-- Data extracted from a collection --
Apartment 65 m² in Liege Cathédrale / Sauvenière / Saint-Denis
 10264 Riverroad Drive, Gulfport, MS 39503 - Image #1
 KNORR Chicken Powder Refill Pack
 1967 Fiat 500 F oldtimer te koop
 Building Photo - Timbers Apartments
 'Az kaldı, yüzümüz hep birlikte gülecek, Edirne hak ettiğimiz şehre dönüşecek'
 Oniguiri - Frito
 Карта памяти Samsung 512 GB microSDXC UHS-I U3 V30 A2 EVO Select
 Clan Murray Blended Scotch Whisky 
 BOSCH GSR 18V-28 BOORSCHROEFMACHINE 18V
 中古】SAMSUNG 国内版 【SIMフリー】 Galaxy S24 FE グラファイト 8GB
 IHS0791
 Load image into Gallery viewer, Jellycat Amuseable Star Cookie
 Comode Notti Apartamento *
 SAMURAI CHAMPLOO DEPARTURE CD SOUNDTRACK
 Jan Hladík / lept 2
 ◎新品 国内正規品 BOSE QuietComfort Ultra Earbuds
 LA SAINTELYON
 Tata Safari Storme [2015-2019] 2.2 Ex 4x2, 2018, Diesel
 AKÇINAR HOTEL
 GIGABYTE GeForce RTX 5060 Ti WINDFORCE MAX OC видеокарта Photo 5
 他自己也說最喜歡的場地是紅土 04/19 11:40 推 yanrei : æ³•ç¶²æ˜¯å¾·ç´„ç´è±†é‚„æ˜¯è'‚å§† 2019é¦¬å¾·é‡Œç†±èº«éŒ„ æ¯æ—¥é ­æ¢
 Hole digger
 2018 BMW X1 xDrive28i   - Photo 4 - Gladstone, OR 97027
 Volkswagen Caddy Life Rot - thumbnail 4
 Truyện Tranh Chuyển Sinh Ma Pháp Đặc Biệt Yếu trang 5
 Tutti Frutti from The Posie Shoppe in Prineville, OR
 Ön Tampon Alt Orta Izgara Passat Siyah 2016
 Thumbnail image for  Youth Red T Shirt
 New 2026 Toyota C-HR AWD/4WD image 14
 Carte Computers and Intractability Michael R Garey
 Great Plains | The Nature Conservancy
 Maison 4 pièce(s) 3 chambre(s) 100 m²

-- TASK INSTRUCTIONS --
For this exercise, copy every line of the data that holds "Photo".

-- EXERCISE RESULT --
 Building Photo - Timbers Apartments
 GIGABYTE GeForce RTX 5060 Ti WINDFORCE MAX OC видеокарта Photo 5
 2018 BMW X1 xDrive28i   - Photo 4 - Gladstone, OR 97027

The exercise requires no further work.